Snoqualmi Realty Co. v. Moynihan

Decision Date10 February 1904
Citation78 S.W. 1014,179 Mo. 629
PartiesSNOQUALMI REALTY CO. v. MOYNIHAN et al.
CourtMissouri Supreme Court

4. In an action on a building contractor's bond by the owner it appeared that woodwork put in by the contractor was not according to the specifications, but that, instead of taking it out, the owner painted it, and defendant objected to an allowance in favor of plaintiff of the cost of the painting, claiming that, if the work was not done according to the specifications, plaintiff should have made it conform to the specifications, and held defendant liable for the cost of so doing. Held that, the court having ruled in accordance with the contention, and charged defendant with the amount of a bid which plaintiff had obtained for the work, defendant, on appeal, could not complain of the ruling.

5. Where a building contract required San Domingo mahogany to be used in certain portions of the building, evidence was admissible to show that the phrase "San Domingo mahogany" was a trade term in the locality, and that it meant not necessarily mahogany grown in San Domingo, but a good figured mahogany equal in density to the San Domingo variety.
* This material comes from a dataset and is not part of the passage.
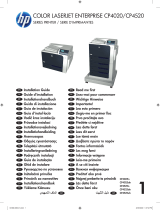 HP Color LaserJet Enterprise CP4025 Printer series Asennusohje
6. A building contract required that San Domingo mahogany be used in a portion of the building, and in an action by the owner on the contractor's bond for failure to do the work as required it appeared that the subcontractor having charge of the mahogany work had found it impossible to secure in the locality mahogany grown in San Domingo, but that he showed a sample of Mexican mahogany to the architect, who approved of the same, and it was shown that the phrase "San Domingo mahogany" was a trade term in the locality, meaning a good figured mahogany of the same density as the San Domingo variety. Held, that the contract meant by the phrase "San Domingo mahogany" any good figured mahogany of the density of that grown in San Domingo.

7. In an action on a building contractor's bond by the owner for failure of the contractor to properly perform his contract it appeared that plaintiff had caused a considerable amount of the work to be done over, but that he was not justified in such conduct as concerned the bulk of it, and he claimed damages for the cost of a watchman, and fuel for heating the building while the work of refinishing was in progress. Held that, the claim being in bulk, and there being no sufficient data for apportioning the claim between the part that plaintiff was entitled to and the part that he was not, there could be no recovery of such damages.

8. Where, in an action by the owner on a building contract, it clearly appears that the specifications under which the work was done were the specifications intended by the contract, the parties are bound thereby, notwithstanding that they did not identify the specifications as the contract required, but they were signed by the architect alone.

9. The fact that a building contractor put in a brick wall and certain additional supports not called for by the specifications, he making no claim for extra work therefor, could not operate to release the surety on the contractor's bond.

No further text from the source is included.